Chicken Stock

Winter time is the time to make stock. It has a comforting aroma, adds moisture to the dry air, and gives you something to do with all of those laying hens that are no longer producing. To save the stock, place it in pint-sized jars and process in a hot water bath or pressure cooker, according to the directions for your canner.

Ingredients:
1 or 2 stewing hens. The best chicken to use is one that is about 2 years old and has stopped laying.
4 - 5 carrot tops or carrots, if you don't have tops.
2 - 3 onions, washed and cut in half
3 - 4 cloves of garlic - no need to skin these, just toss them in.
2 - 3 T of kosher salt
Some black pepper or 1 - 2 dried spicy peppers if you like spice
1 - 2 bay leaves (I pick these off of my bay leaf plant. I use the ones that are starting to dry up or look weak)
Some celery (if you have it but I usually don't)

Rinse the chickens and place all ingredients in a large pot.
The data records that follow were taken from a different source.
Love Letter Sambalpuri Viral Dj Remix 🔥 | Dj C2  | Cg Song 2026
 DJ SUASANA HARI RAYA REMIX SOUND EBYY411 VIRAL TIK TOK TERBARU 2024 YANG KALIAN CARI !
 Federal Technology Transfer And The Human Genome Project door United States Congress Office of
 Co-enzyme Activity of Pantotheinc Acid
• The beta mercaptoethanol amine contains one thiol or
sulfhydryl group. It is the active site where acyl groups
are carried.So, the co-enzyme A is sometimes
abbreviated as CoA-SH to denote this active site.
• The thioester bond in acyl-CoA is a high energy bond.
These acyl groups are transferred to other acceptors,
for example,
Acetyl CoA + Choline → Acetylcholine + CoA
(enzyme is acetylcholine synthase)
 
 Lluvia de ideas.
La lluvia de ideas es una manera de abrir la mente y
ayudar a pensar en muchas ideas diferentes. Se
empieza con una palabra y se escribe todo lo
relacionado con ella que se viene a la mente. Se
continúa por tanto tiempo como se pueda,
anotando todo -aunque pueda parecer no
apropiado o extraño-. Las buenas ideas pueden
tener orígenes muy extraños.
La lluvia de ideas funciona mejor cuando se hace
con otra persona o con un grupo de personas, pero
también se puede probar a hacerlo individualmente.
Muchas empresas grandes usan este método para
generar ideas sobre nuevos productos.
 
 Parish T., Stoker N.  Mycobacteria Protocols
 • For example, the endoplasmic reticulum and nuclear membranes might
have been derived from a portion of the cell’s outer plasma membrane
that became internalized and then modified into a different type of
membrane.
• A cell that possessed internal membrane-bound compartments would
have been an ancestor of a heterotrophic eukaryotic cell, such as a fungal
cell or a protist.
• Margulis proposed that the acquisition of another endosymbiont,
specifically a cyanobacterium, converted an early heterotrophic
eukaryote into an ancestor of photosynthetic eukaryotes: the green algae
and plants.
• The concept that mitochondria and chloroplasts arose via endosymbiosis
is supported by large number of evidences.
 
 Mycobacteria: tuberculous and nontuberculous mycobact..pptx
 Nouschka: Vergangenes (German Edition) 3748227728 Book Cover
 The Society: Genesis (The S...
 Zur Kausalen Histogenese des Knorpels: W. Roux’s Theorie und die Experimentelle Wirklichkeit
I use a 24 Q stock pot and fill it until the chickens are covered. Bring the mixture to a boil and then turn down to low. Allow the stock to cook for 3 - 4 hours, uncovered.

Place a colander over another large pot and strain the stock. The chicken should fall apart at this point. Put the broth back on the stove, along with the bay leaves & garlic (squeeze the meat out of the skin and toss it in and it will dissolve.

Let the chicken cool and then remove the meat that you want to remove. The meat should be really tender now and can be served for dinner, saved to make chicken sandwiches, made into chicken pot pie, anything.

At this point, you can can your stock or freeze it. I don't have room in the freezer, so I can it. I also don't have a lot of room on my shelves so I continue to cook the stock for 2 - 3 more days! After I separate the meat from the bones, I toss the bones back into the pot and continue to simmer the stock. At night I put it in the cold garage or fridge and in the morning I put it on the top of the wood stove. By the end, the stock is very concentrated. Strain the broth again and then pour into your clean jars. When I use a pint to cook with, I'll add water if I'm making soup or gravy.

The last time I made stock, I ended up with about 7 pint-sized jars. I did add a little water as the chicken simmered, to make sure the meat was always covered during the cooking process.

A tasty, organic, inexpensive alternative to store-bought stock!